Judith's road to becoming a writer began with a paintbrush that transformed into a film camera and came to rest on a Smith Corona typewriter.
Along the way, she made a film on the feminist artist Judy Chicago, wrote journalism for the L.A. Weekly, L.A. Times, Family Circle and Mademoiselle, and worked at endless day-jobs, including as a secretary at the original World Trade Center, and an English teacher at the United Nations.
As a writer, she is inspired by stories from her own life as well as more fictional material. She believes that all important work derives from the two or three inner narratives we are compelled to tell. Sometimes they come out as memoir or autobiographical fiction; sometimes they can only find release through great leaps of imagination.
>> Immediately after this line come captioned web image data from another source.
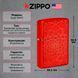 Запальничка бензинова Zippo Flowering Design (46354) V77550891 фото 3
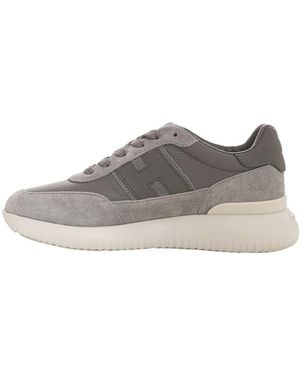 Hogan Interactive3 Sneaker - Grijs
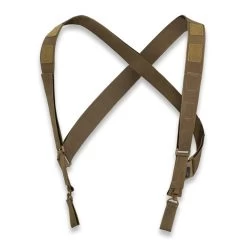 Helikon-Tex Forester Suspenders HS-FTS-NL -Outdoor Tool and Knife Shop 58777 HTEX HS FTS NL 02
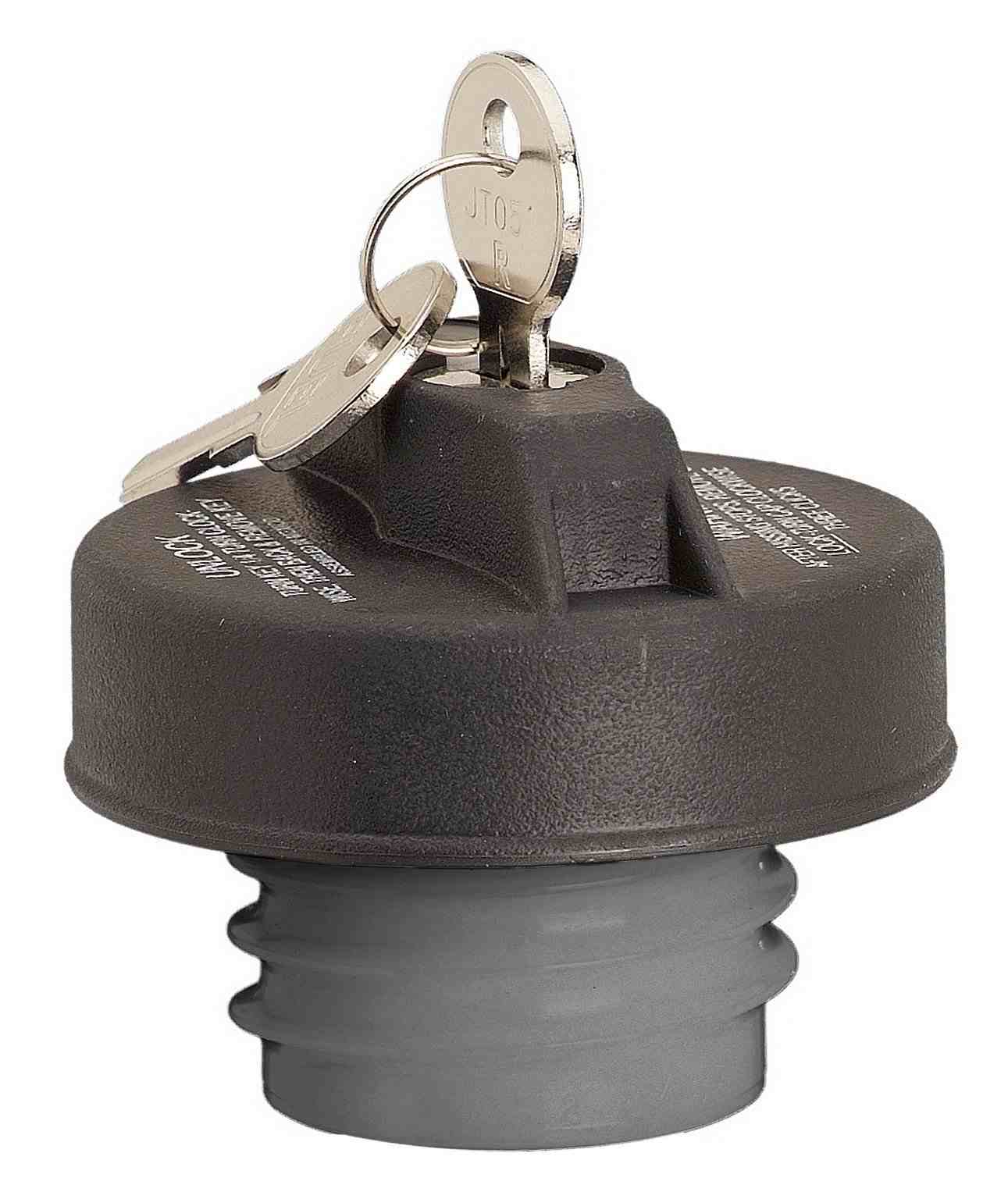 Gates Pressure Vent & Locking Fuel Cap Nissan 240SX 4-Cyl. 2.4 L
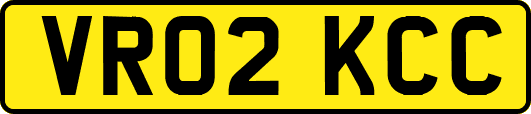 VR02KCC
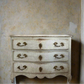 Antique European Oak Commode from Italy, Circa 1700s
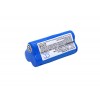 JAY akumulators GP70AAAAH3TX XDB 3.6V 700mAh NiMh celtņa vadības raidītājam XDE UDB2 UWB A001 VUF110 JAY akumulators GP70AAAAH3TX XDB 3.6V 700mAh NiMh celtņa vadības raidītājam XDE UDB2 UWB A001 VUF110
Her work has appeared in numerous literary journals, including The Alaska Quarterly, Other Voices, Creative Nonfiction, and The Southern Humanities Review. Most recently she was awarded the 2012 Theodore Christian Hoepfner Award for the best story to appear in that journal, and the 2013 Fiction Prize by the Tiferet Journal. Her novella "Women Bathing" about a young woman artist in late 19th century Paris, is scheduled for publication in Winter 2014.
Judith is a member of the Southern California Alumnae Concil for Hedgebrook, the foremost retreat for women writers in the United States. She holds an MFA in Filmmaking from UCLA, an MFA in Creative Writing from Warren Wilson College, and an MA in Education from Columbia University.